Not that there was too much time to think about it as we rolled straight onto the moderate early slopes of the Aspin as we headed for our early lunch stop at Payolle. Learning from the previous two days I stuck mainly to fluids and sugary sweets, and that certainly paid off as I had a good afternoon on the hills.

This was the third time I had climbed the Aspin, and I really loved it. Although by now it was quite warm, most of the steep slopes are through woodland or partially shaded pasture, and the views at the top were once again quite outstanding. Regular puffs of salbutamol also helped, as was the thought of the descent of the other side. In 2010 it had been pouring with rain, leading to one of the coldest 20 minutes I have ever experienced on a bike as I slowly lost touch with my fingers and toes.

No problems today though. The road was bone dry, there were few cars, and as I knew the road I was able to come down the long straights and sweeping hairpins at a reasonable speed. The brakes still screeched though. A fair-sized group formed as we got to Arreau, only to split apart again as we rolled up to the early slopes of the Peyresourde.
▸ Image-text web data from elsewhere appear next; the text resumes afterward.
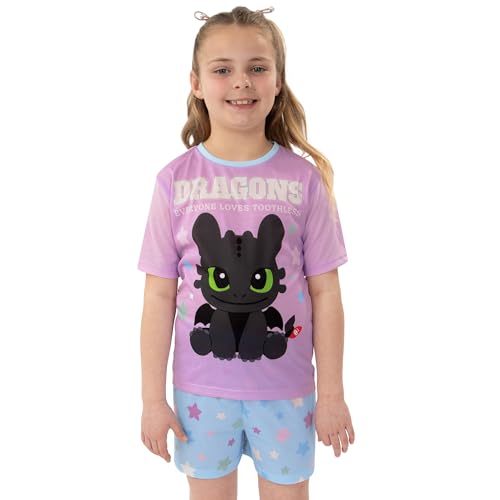 How To Train Your Dragon Pajamas, Toothless Girls Pajamas, Dragon Kids Pjs, Long Sleeve Girls Pajama Set2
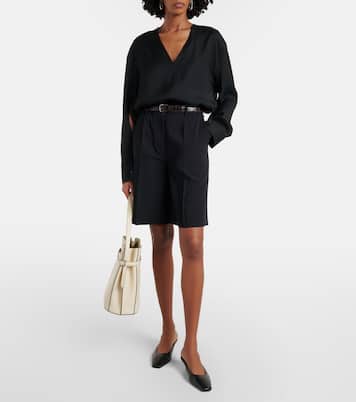 High-rise Bermuda shorts | Toteme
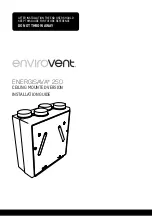 Envirovent energiSava 250 Installation Manual preview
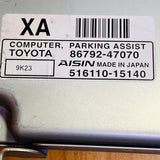 86792-47070 / 516110-15140 / 8679247070 / 51611015140 Parking Assist Module for Toyota Prius 2012–2015, automan spare parts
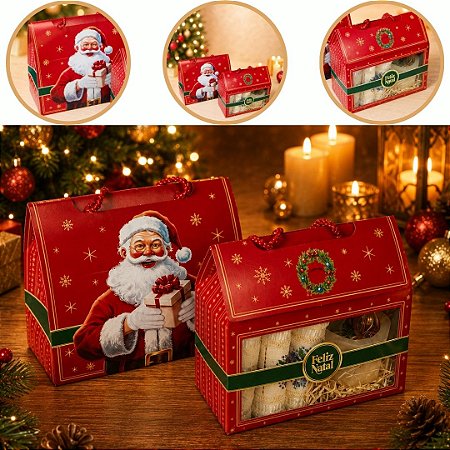 10 MALETA DE PRESENTE C/ VISOR 30X13X25 FELIZ NATAL 6197 ( NATAL IDEIA 2026 )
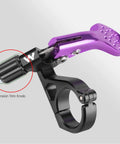Dropper Post Lever For Mountain And Road Bikes Adjustable Seatpost Remote For 22.2mm Handlebars Ergonomic Design in purple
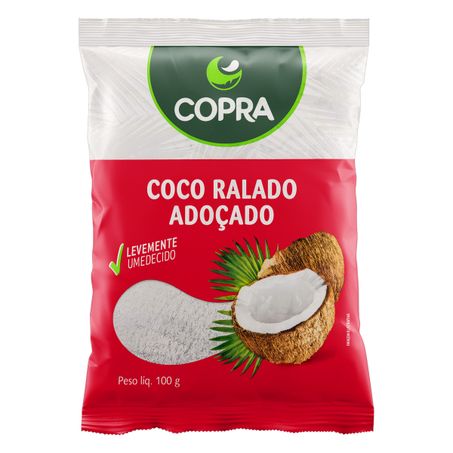 COCO RALADO ÚMIDO ADOÇADO COPRA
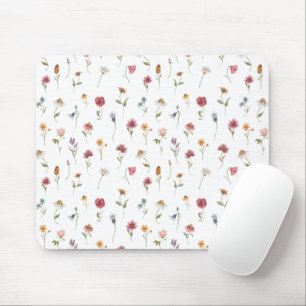 Mousepad Watercolor Primavera Wildflower Women Office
The climb itself is a steady 7-8% for most of the time, and eventually leads out into a V-shaped valley a couple of km below the summit. Where you find the best crepe cafe in the Pyrenees, and its ebullient host. There was quite a collection of cyclists outside, and I had to wait my turn to get my summit photos. As well as the standard one by the col sign, I took one of the mile marker, you see these dotted alongside all the roads, much nicer than our old rusty things, and remind me of the old-fashioned milestones we used to have in the UK.

The descent of the Peyresourde into Luchon was also one I had done before, and, after the first big hairpins at the top, is long, straight and fast. I was nearly caught out by the new roundabout they have put in half-way down and for some reason I found myself as the first of the group down into Luchon.

Luchon is a spa town, which I suspect explains this picture.

Unless they are providing some luxurious waiting facilities for public transport in the Pyrenees.

I was now faced with a 25km straight rode, with an average 1% downhill gradient to Bertren and the Pyractif base. I started slowly as I quite fancied hiding in a big group and taking it easy at the end of a hard day. But no-one was about and I didn't really want to hang on forever, so I put my head down into the wind and went as hard as I could. I kept expecting to be passed by the multi-national express, but it never came and I arrived into Bertren just before their train swung into the courtyard. With all that weight they still couldn't catch a little puffer from Bristol, hope they don't lose their franchise.